The Obama administration Tuesday announced a plan to speed up development of wind energy by searching the Atlantic Coast for the most desirable places to build windmills rather than wait for developers to propose sites that could hurt the environment or sit in the middle of a shipping lane.
Under a new initiative called Smart From the Start, the Department of the Interior will identify sites in the Atlantic Outer Continental Shelf with “high wind potential,” Interior Secretary Ken Salazar said. Officials said it currently takes up to nine years for an offshore project to get approval to build.

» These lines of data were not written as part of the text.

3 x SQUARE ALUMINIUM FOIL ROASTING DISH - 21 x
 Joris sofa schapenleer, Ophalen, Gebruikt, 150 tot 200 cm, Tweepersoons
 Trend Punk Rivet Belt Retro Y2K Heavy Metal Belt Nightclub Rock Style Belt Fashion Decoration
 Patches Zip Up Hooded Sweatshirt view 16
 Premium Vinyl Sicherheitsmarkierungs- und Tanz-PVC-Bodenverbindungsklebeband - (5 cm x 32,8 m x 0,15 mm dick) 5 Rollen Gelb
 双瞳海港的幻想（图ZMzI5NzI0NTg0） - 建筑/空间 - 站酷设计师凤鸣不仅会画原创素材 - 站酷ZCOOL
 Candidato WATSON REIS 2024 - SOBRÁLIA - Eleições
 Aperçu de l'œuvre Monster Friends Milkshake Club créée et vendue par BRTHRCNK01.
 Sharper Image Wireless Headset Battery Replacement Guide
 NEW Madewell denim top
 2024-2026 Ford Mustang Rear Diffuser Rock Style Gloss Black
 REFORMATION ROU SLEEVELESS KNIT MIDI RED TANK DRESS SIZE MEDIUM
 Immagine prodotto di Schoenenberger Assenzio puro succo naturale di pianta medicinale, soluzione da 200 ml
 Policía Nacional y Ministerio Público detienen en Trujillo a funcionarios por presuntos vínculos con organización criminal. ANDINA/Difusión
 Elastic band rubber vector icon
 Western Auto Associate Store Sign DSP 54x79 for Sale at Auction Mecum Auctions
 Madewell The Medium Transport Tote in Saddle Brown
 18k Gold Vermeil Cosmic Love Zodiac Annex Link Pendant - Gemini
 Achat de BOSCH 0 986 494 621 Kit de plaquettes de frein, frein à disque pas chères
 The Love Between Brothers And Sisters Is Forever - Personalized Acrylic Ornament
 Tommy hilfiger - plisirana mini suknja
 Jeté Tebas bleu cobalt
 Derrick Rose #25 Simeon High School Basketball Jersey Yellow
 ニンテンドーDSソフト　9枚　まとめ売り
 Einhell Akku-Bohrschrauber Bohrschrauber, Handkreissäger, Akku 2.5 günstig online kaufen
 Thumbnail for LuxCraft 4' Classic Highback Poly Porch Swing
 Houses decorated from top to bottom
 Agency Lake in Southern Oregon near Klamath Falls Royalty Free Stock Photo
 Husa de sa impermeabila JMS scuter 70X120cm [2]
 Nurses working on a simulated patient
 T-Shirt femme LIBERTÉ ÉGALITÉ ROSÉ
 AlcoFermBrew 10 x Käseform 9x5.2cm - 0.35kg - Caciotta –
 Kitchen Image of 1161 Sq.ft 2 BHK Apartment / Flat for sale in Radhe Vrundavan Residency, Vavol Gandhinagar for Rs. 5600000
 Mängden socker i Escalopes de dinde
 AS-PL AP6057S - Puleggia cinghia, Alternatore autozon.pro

Salazar said the policy change is the result of “a lesson learned” from the grueling fight to place wind turbines in Massachusetts’ scenic Nantucket Sound. Opponents have delayed construction of the Cape Wind development even though the government gave it a go-ahead in April.
Interior’s new approach will avoid such delays by eliminating “a redundant step in the leasing process,” Salazar said, regulating sites before developers select them. Leases could be granted as early as 2011.
Speeding up development “will get us to the point that the president’s vision” of creating renewable energy on a wide scale “will become a reality,” Salazar said. Only 2 percent of the energy in the United States is produced by wind.
The announcement at Fort McHenry in Baltimore was greeted with applause by Gov. Martin O’Malley and Rep. John Sarbanes of Maryland, and Sens. Thomas R. Carper and Christopher Coons of Delaware, all Democrats who stand with the Obama administration on wind energy.
“The hoops we have to jump through take way too long,” O’Malley said. He said Maryland is part of a 10-state consortium, including New Jersey and Delaware, that support wind power. “We need to work together as Democrats and Republicans to shorten this process.”
Carper said the fight for independence from foreign oil is as important as the fight to maintain our independence from the British that took place nearly two centuries ago at Fort McHenry.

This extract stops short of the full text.